Records for the task below:

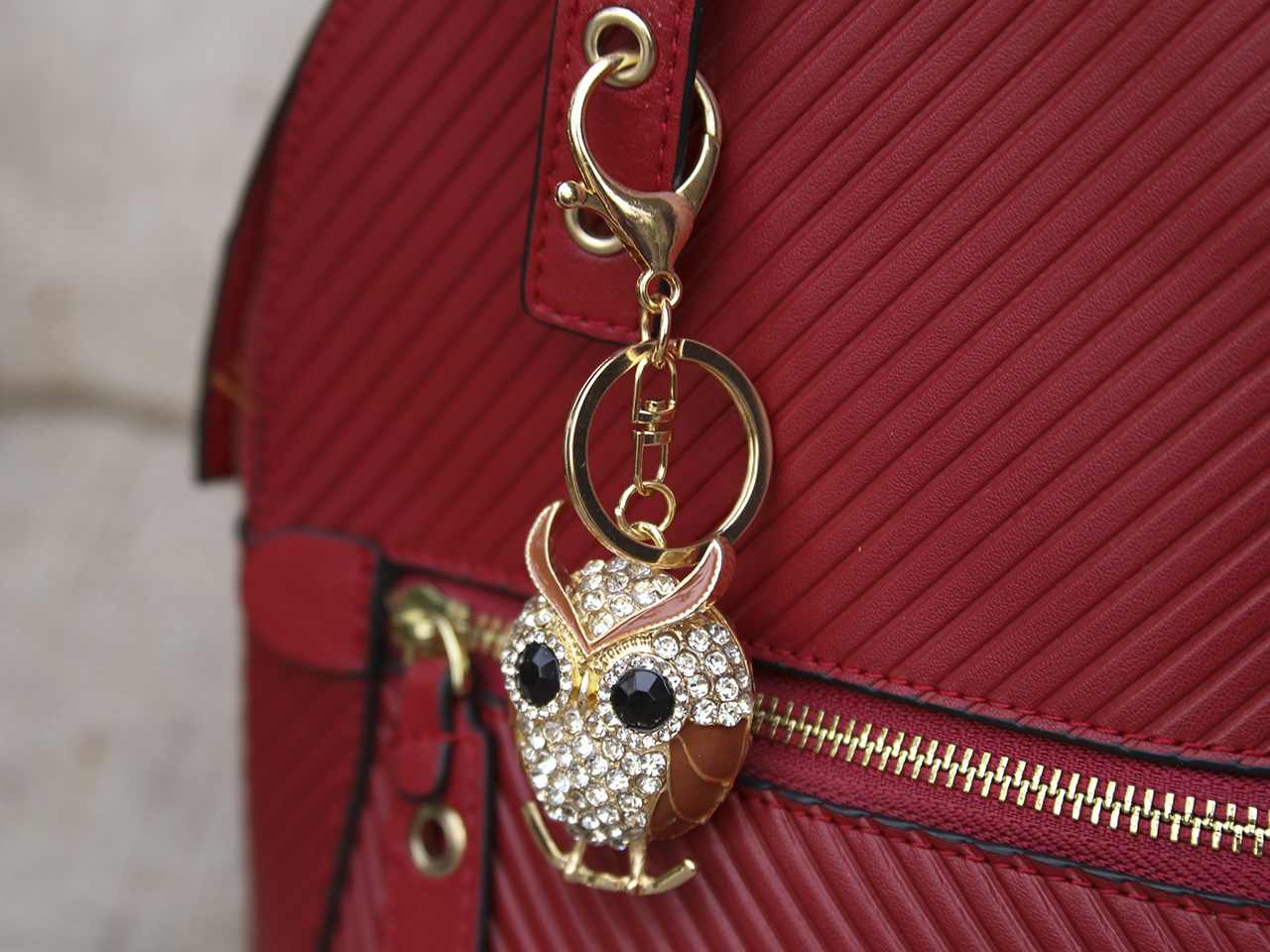 55e00a8d55c55b61d1f9c461f741a312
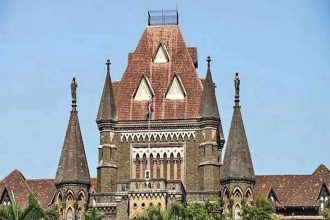 Two decades later, daughter seeks DNA test of man in quest of paternity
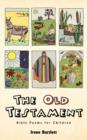 Image for The Old Testament : Bible Poems for Children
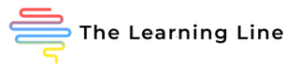 The-Learning-Line-Logo.png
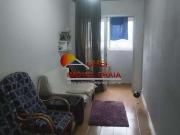 Apartamento para Venda em Praia Grande/SP Jardim...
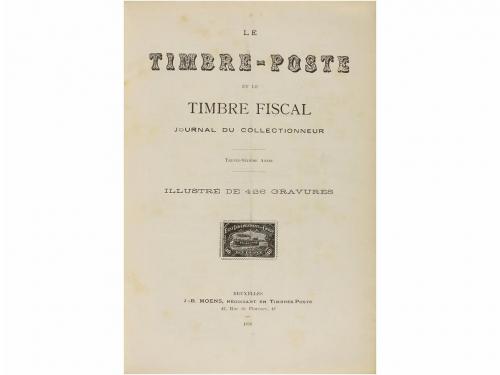 Lot 576
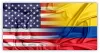 The Best Side of Apostille Services for Colombia -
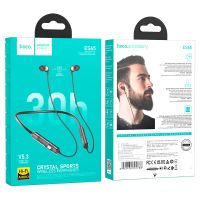 Лот: 24387377. Фото: 3. Гарнитура Bluetooth Hoco ES65... Бытовая техника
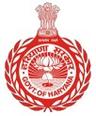 HSSC CET Group D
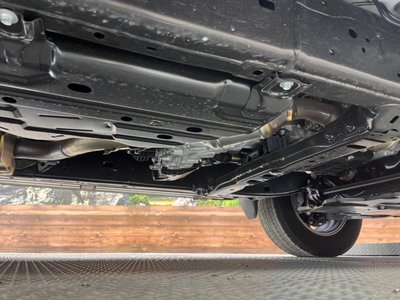 صورة مصغرة 35 لـ 2025 Toyota LAND CRUISER 250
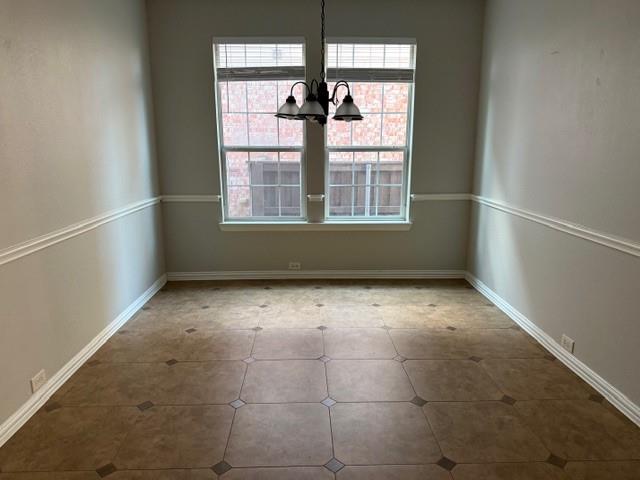 Paloma Creek South Ph 1 - Residential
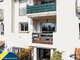 Parduodamas 3 kambarių butas Ispanijoje, Marbella (7 nuotrauka)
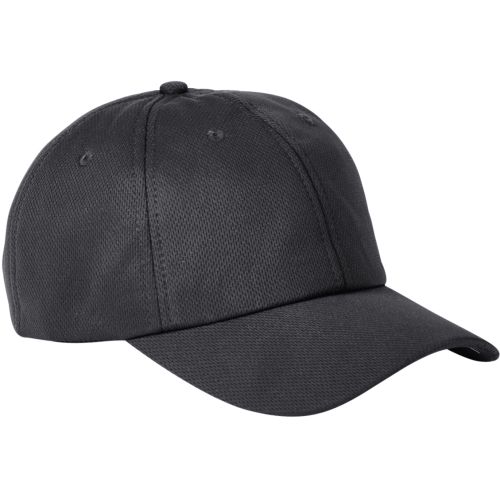 Evaporator Cap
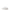 Miu Miu Gray Leather Flip-Flop Sandals Miu Miu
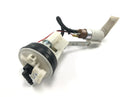 Aprilia RS 125 TW [2017] - Petrol pump fuel pump fuel feed pump-2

End of Records for the task.

Your objective.
Copy the lines starting at the line that contains "Apartamento para Venda" and running to the final line of the entries, inclusive; omit all pictures.

Answer section.
 Apartamento para Venda em Praia Grande/SP Jardim...
 Lot 576
 The Best Side of Apostille Services for Colombia -
 Лот: 24387377. Фото: 3. Гарнитура Bluetooth Hoco ES65... Бытовая техника
 HSSC CET Group D
 صورة مصغرة 35 لـ 2025 Toyota LAND CRUISER 250
 Paloma Creek South Ph 1 - Residential
 Parduodamas 3 kambarių butas Ispanijoje, Marbella (7 nuotrauka)
 Evaporator Cap
 Miu Miu Gray Leather Flip-Flop Sandals Miu Miu
 Aprilia RS 125 TW [2017] - Petrol pump fuel pump fuel feed pump-2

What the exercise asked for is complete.